The music video for "Like Light to the Flies" debuted at MTV2's Headbangers Ball on September 25, 2004 and features the original demo of the song, which was included on the MTV compilation album Headbangers Ball Volume 2. Likewise, demos of songs "The Deceived" and "Blinding Tears Will Break the Skies" were included on the re-release of Trivium's debut album Ember to Inferno, nearly a year before Ascendancy was released.

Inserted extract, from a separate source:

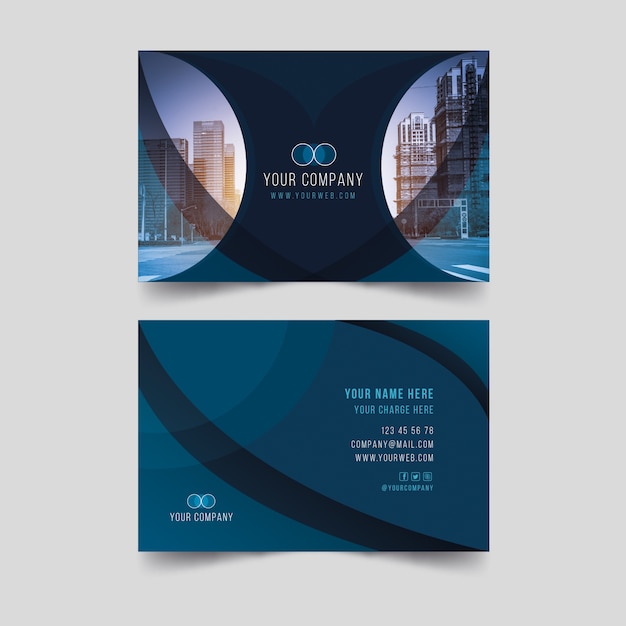 Abstract business card template with photo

Speaking to Kerrang! about the songs' lyrics, Matt Heafy said: "Definitely, some of the lyrics are about my personal insecurities and my social issues and disorders, and there's a thing about quietness in the music industry – people assume you're a dickhead if you don't want to talk, and that was definitely said about me. Being in a band forced me to have to get over my awkwardness around people and you can really see what I was going through in there."

==Reception==
===Critical===

Upon its release, the album received critical acclaim. In a very positive review, Johnny Loftus of AllMusic said about the album, "Ascendancy aligns real-deal thrash with powerful modern influences. But at all times it's a platform for Trivium's own crazed talent." It has been widely recognized as one of the greatest metalcore albums of all time.

Professional ratings
Review scores
| Source | Rating |
| AllMusic | Star |
| PopMatters | Star |

===Accolades===
- In 2005, Ascendancy won the "Album of the Year Award" from Kerrang! magazine.
- "Dying in Your Arms" was nominated for Best Single at the 2006 Kerrang! Awards.
- In August 2009, Ascendancy ended up No. 22 in Kerrang!s "21st Century's Greats" list.
- In October 2018, Ascendancy ended up No. 11 in Metal Hammers The 100 Greatest Metal Albums of the 21st Century list.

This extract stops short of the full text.